▸ Stored data
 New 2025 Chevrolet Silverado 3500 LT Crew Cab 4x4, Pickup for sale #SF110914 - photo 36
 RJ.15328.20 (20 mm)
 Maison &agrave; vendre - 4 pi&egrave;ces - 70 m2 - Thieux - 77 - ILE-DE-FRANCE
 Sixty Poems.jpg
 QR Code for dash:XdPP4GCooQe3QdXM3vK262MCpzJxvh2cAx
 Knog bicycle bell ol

* * *

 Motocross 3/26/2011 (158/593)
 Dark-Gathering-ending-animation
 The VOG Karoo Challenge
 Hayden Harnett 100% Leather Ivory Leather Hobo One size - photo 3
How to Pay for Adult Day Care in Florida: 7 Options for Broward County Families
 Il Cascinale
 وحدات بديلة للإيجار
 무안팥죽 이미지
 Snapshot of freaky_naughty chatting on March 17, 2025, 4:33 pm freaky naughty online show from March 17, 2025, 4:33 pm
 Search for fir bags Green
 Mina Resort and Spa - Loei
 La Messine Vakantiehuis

...

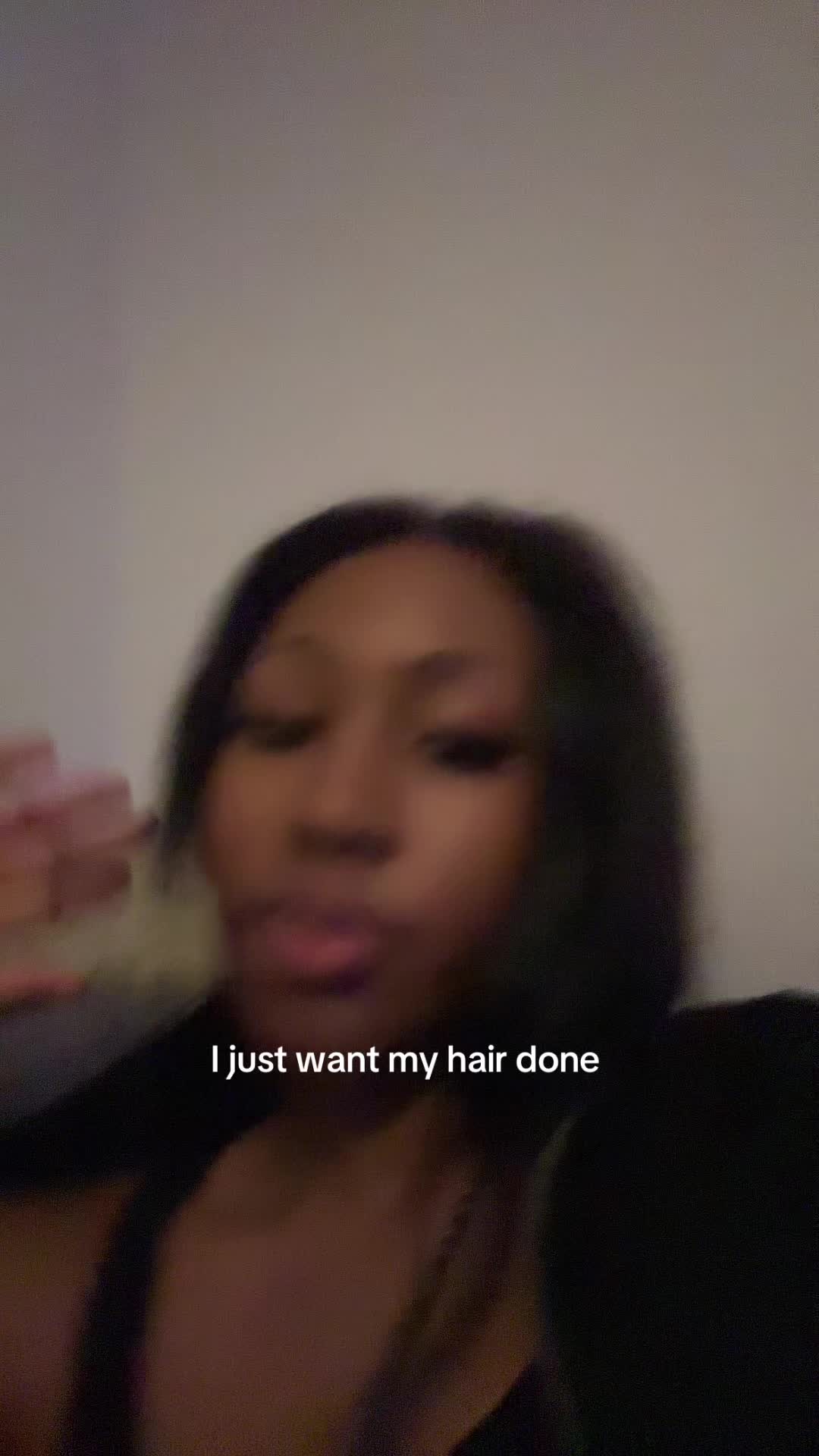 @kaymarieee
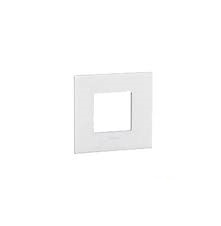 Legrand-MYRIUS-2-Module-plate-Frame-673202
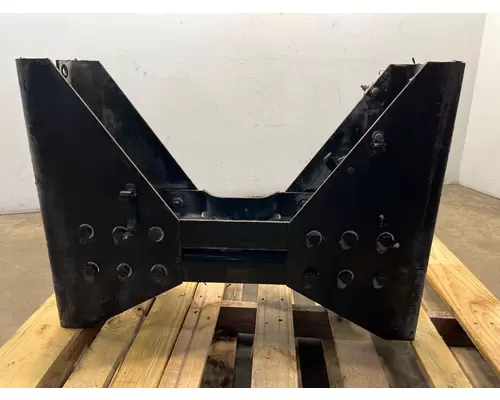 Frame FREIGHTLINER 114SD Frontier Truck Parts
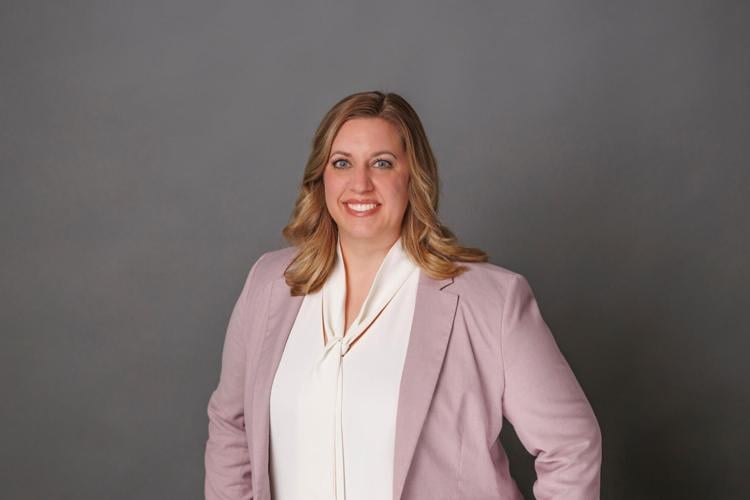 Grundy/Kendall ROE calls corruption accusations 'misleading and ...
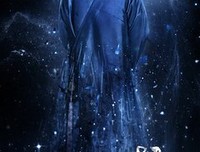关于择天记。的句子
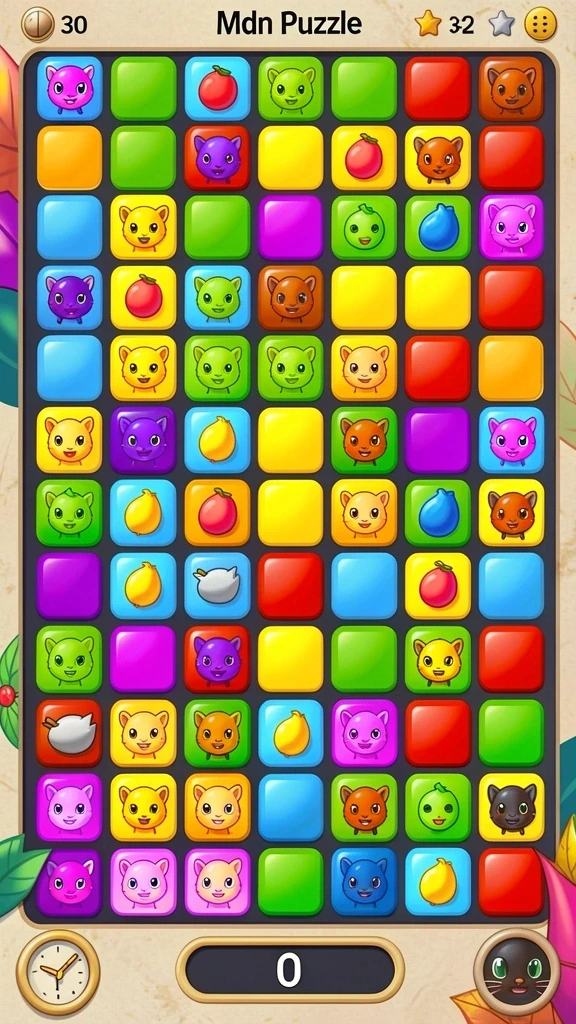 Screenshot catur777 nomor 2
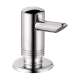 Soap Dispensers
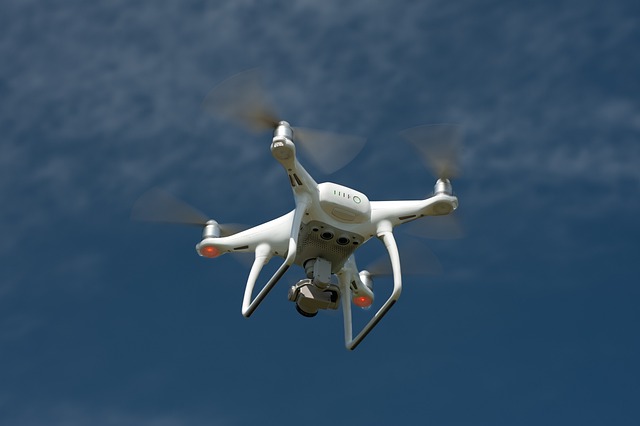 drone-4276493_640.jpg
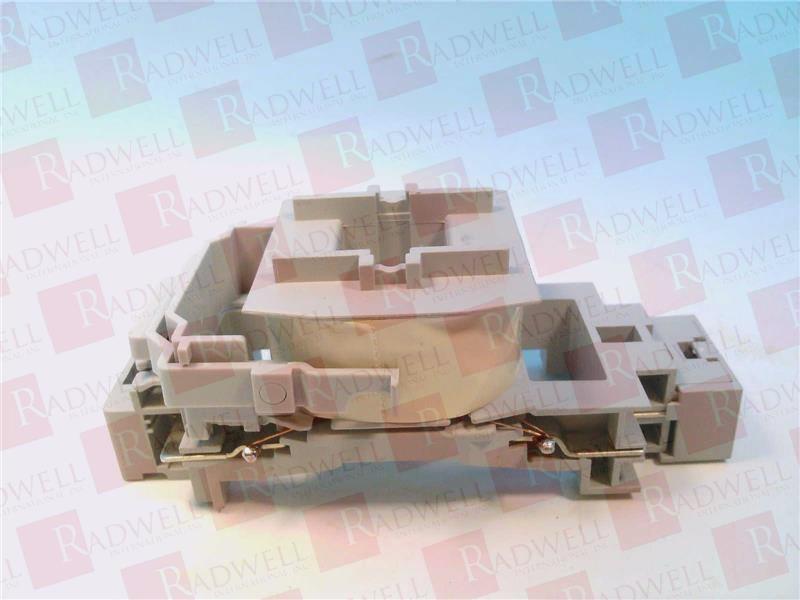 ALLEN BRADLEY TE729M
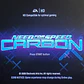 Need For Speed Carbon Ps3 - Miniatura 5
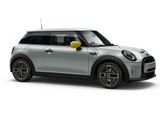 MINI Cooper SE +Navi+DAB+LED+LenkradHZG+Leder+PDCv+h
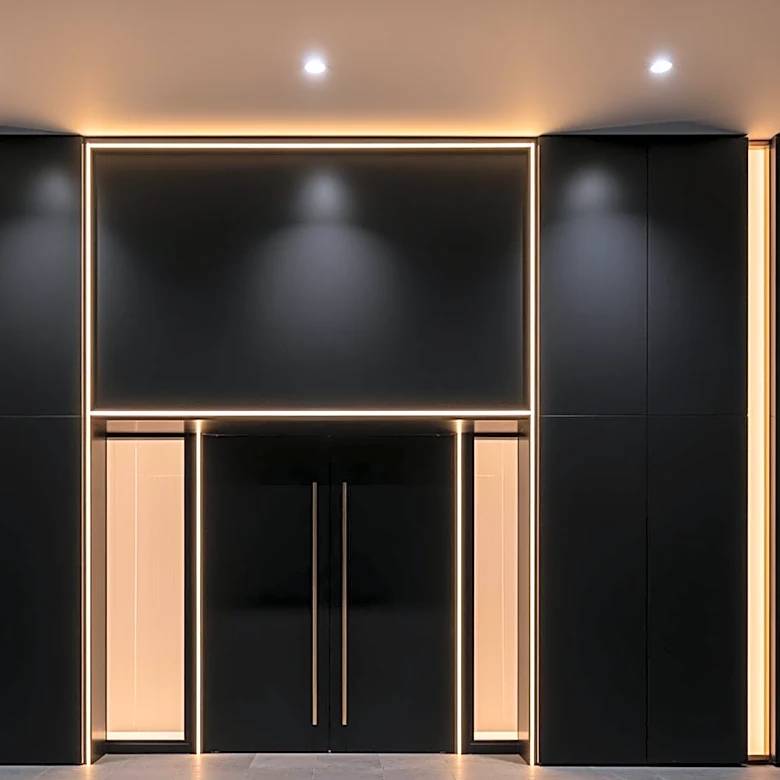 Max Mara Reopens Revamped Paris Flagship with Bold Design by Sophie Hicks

▸ Work order
Start with the line above that contains "Mina Resort and Spa - Loei" and stop after the line that contains "La Messine Vakantiehuis". Output those lines exactly, and only those.

▸ Task result
 Mina Resort and Spa - Loei
 La Messine Vakantiehuis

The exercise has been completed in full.